**Problem requirements**
Print, exactly as they stand, the lines below from the one that has "Local designer Infinti" to the one that has "5 Pcs Vintage", inclusive, leaving out the pictures.

**Records shown**
________________________
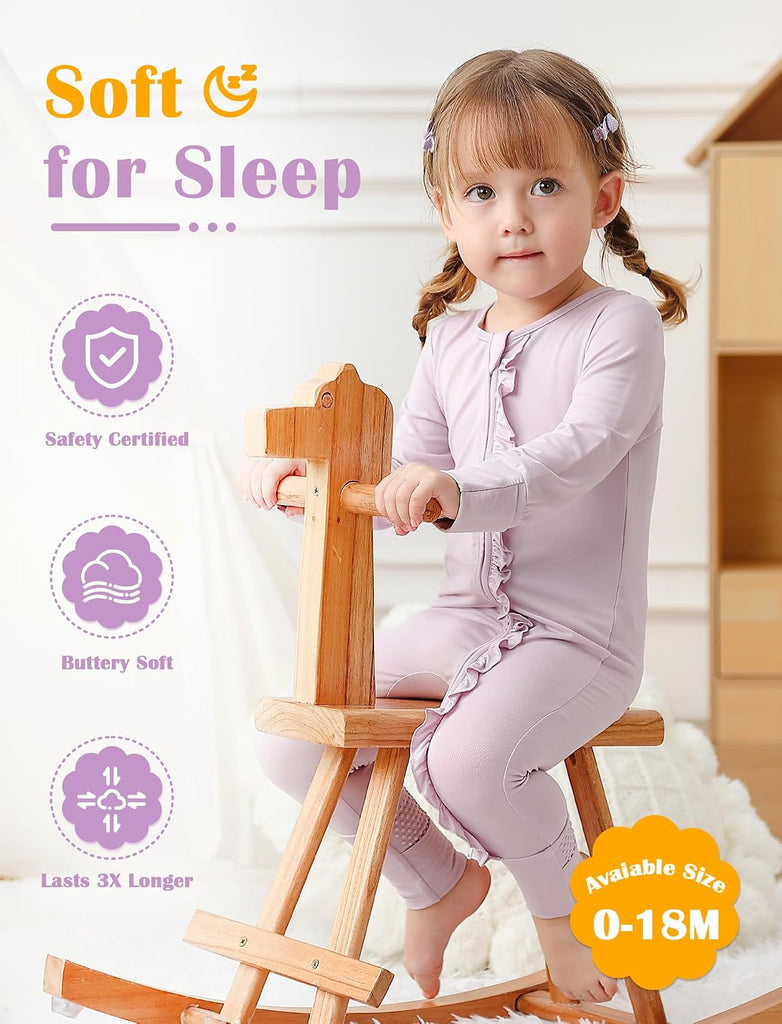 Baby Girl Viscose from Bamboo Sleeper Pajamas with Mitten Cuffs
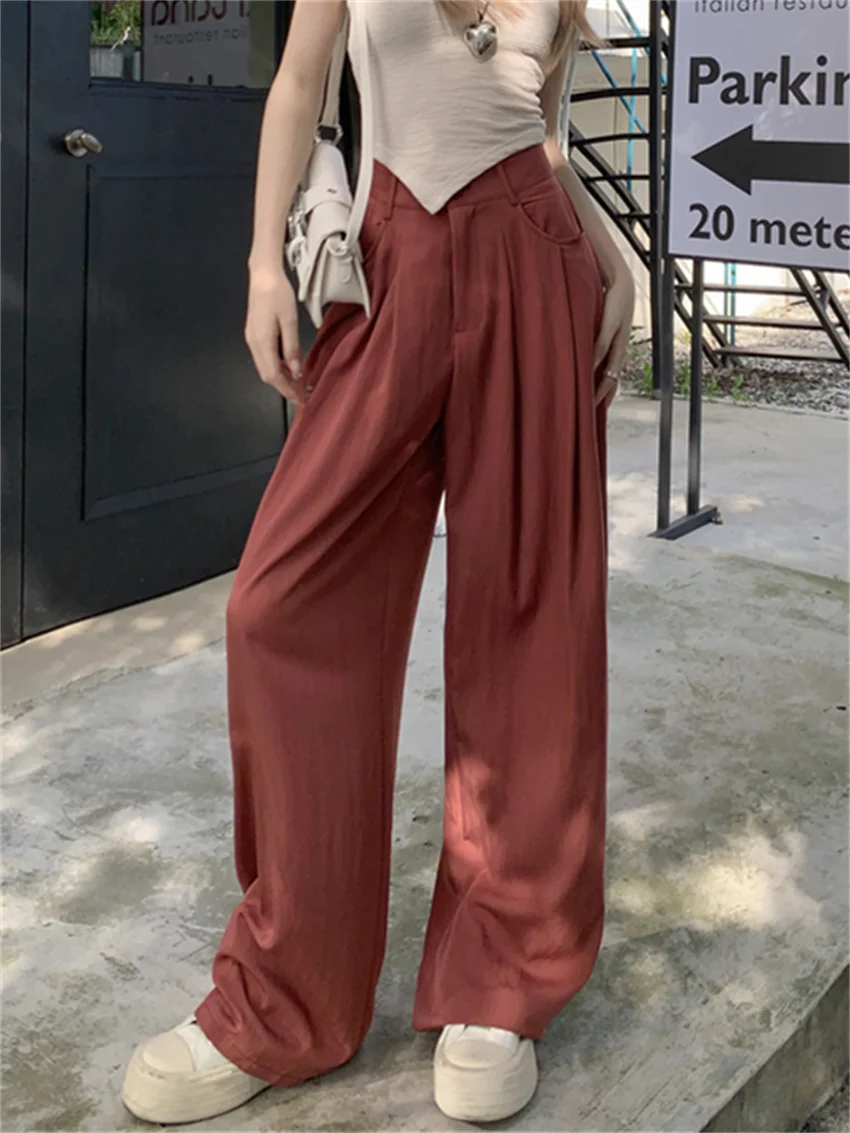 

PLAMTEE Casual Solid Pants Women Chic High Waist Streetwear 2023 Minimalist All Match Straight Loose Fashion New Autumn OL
________________________
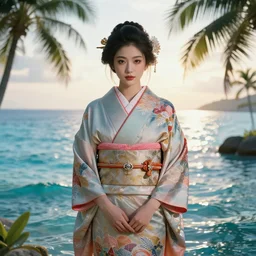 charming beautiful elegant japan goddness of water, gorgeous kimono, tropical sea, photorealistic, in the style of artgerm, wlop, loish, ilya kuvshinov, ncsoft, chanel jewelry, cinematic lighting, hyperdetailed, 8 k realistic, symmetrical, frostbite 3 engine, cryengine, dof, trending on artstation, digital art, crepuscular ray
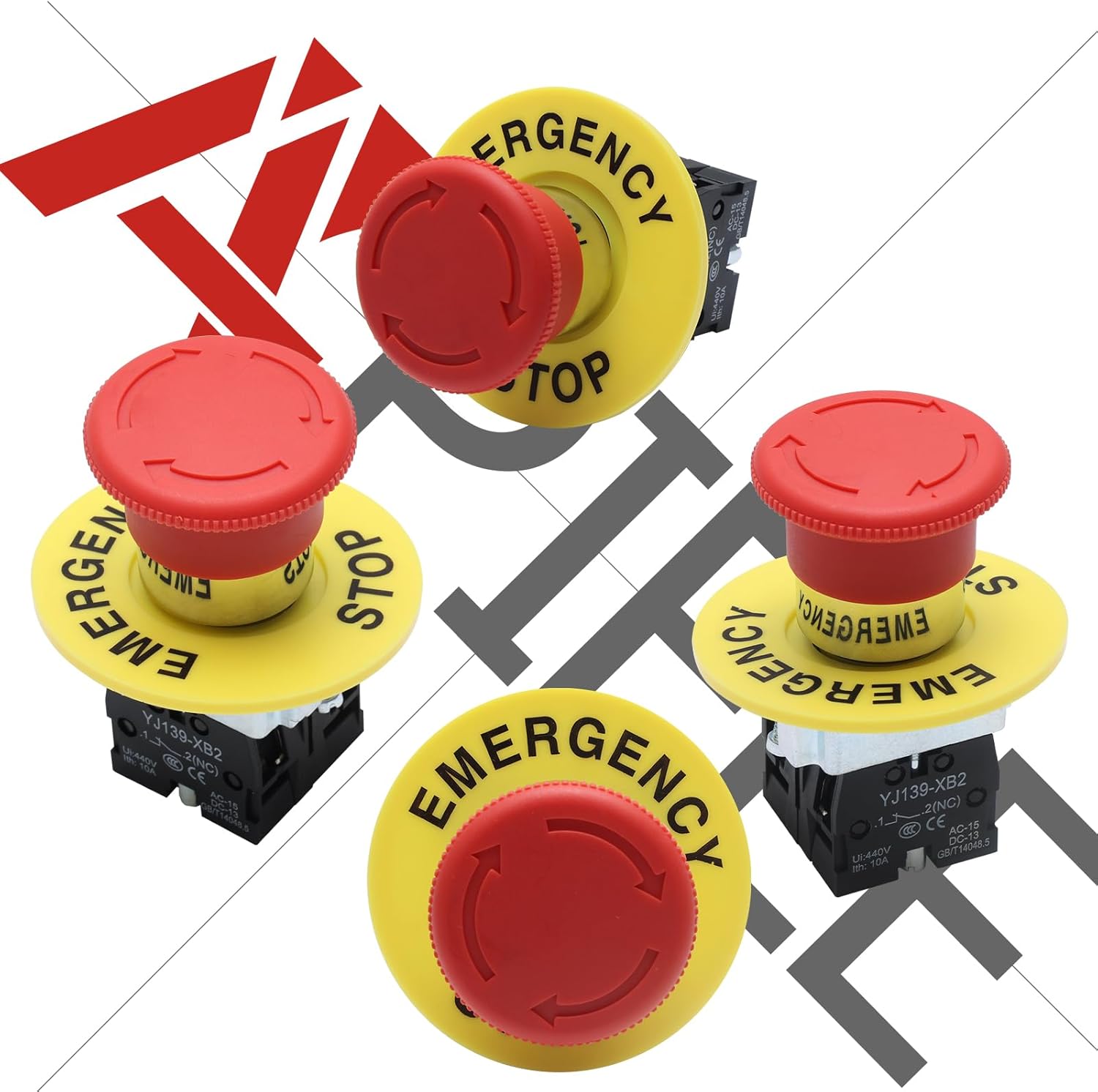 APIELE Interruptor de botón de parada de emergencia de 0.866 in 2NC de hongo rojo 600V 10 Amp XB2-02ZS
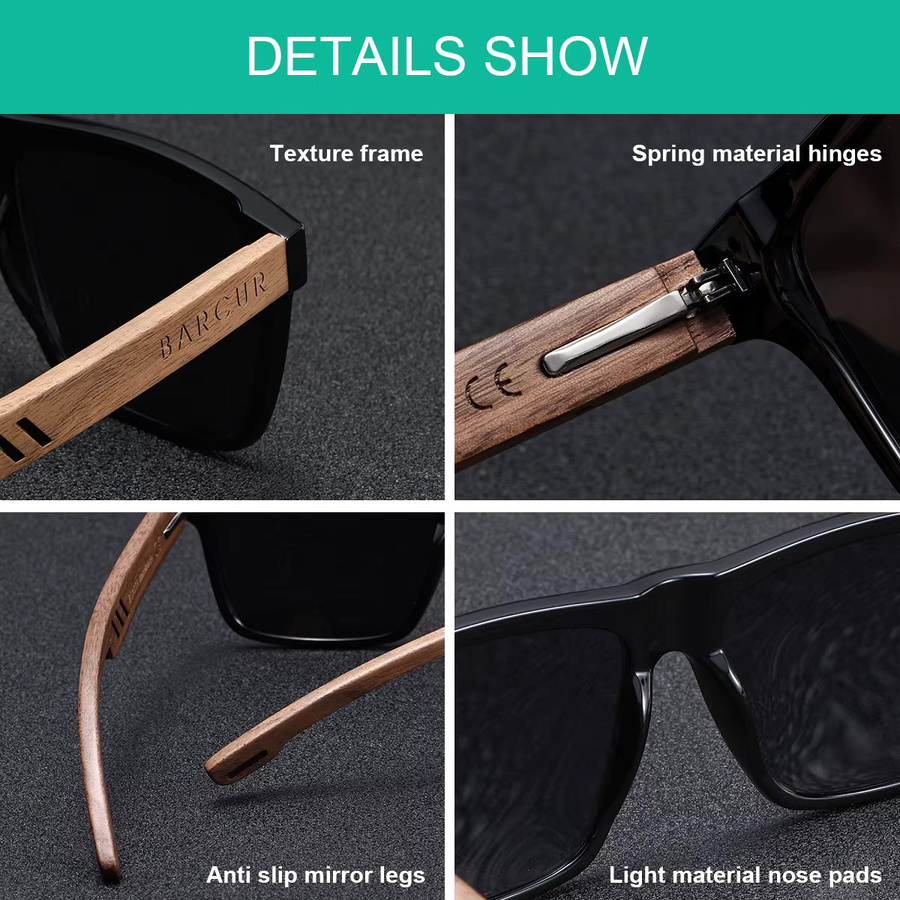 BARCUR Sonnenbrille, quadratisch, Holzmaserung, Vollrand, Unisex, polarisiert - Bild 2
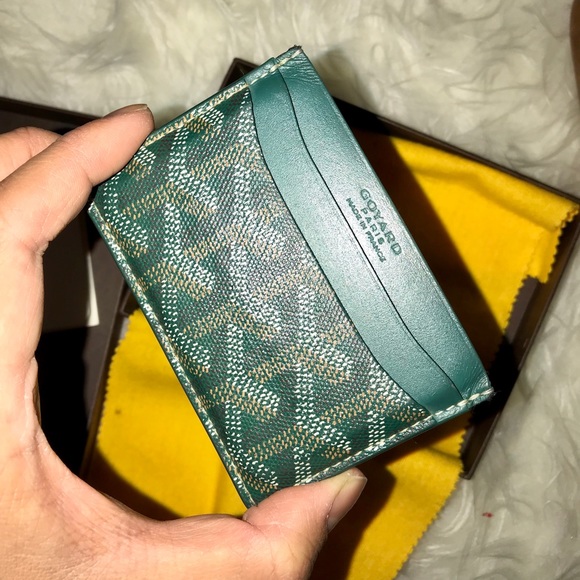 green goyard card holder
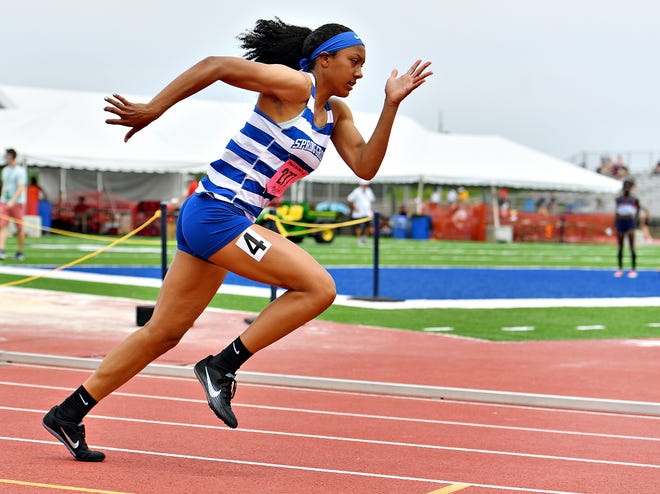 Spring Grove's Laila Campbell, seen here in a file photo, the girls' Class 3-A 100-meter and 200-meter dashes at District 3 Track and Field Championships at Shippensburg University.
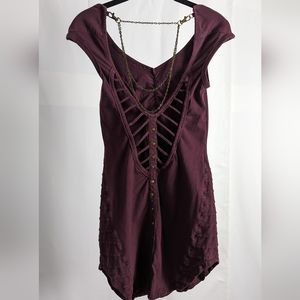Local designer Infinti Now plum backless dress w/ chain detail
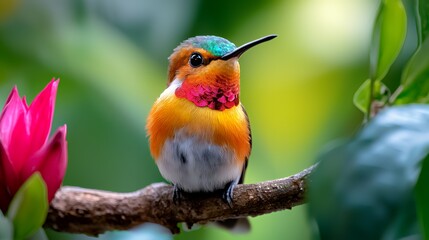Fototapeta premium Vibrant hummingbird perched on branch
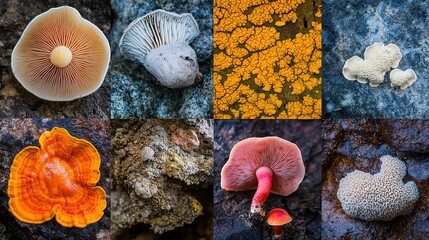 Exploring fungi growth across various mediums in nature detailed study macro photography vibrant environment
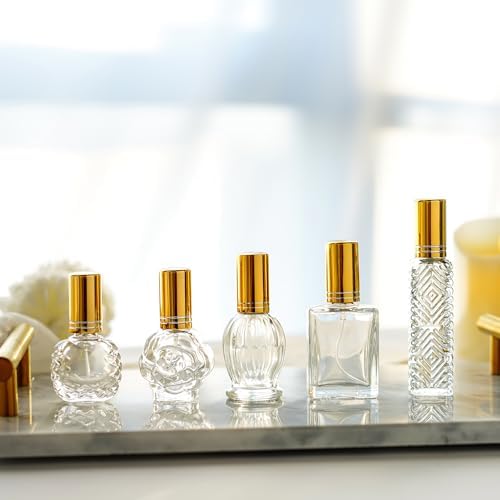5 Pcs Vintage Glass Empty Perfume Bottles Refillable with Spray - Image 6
________________________
**Task solution**
Local designer Infinti Now plum backless dress w/ chain detail
Fototapeta premium Vibrant hummingbird perched on branch
 Exploring fungi growth across various mediums in nature detailed study macro photography vibrant environment
5 Pcs Vintage Glass Empty Perfume Bottles Refillable with Spray - Image 6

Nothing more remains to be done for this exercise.